An object is placed at a distance of 15 cm from a concave lens of focal length 30 cm. List four characteristics (nature, position, etc.) of the image formed by the lens.

Object distance = $u$ = $-$ 15 cm 

Focal length = $f$ = $-$ 30 cm

To find: Four characteristics (nature, position, etc.) of the image formed by the lens.

Solution:

Using lens formula, we get-

$\frac{1}{f}=\frac{1}{v}-\frac{1}{u}$

It can be rearranged as-

$\frac{1}{v}=\frac{1}{f}+\frac{1}{u}$

Substituting the given values we get-

$\frac{1}{v}=\frac{1}{(-30)}+\frac{1}{(-15)}$

$\frac{1}{v}=-\frac{1}{30}-\frac{1}{15}$

$\frac{1}{v}=\frac{-1-2}{30}$

$\frac{1}{v}=-\frac{3}{30}$

$\frac{1}{v}=-\frac{1}{10}$

$v=-10cm$

The four characteristics (nature, position, etc.) of the image formed by the lens are:

1. Image formed is virtual.

2. Image is erect.

3. Image is diminished (smaller than the object).
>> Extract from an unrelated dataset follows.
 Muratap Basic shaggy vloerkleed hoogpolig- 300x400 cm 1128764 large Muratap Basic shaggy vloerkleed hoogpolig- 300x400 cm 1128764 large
4. Image is formed at a distance of 10 cm from the optical centre of the concave lens on the same side of the object.

Explanation

Diverging Lens or Concave Lens - It is a lens that possesses at least one surface that curves inwards in the middle. In other words, it is thin across the middle and thick at the upper and lower edges, because of which the light that enters the lens, get spread out, or diverge, which results in forming a smaller image. Due to this effect, it is also called a negative lens or a diverging lens.

The image formed by a concave lens is virtual & erect, which means it will appear to be farther away than it actually is, and therefore smaller than the object itself.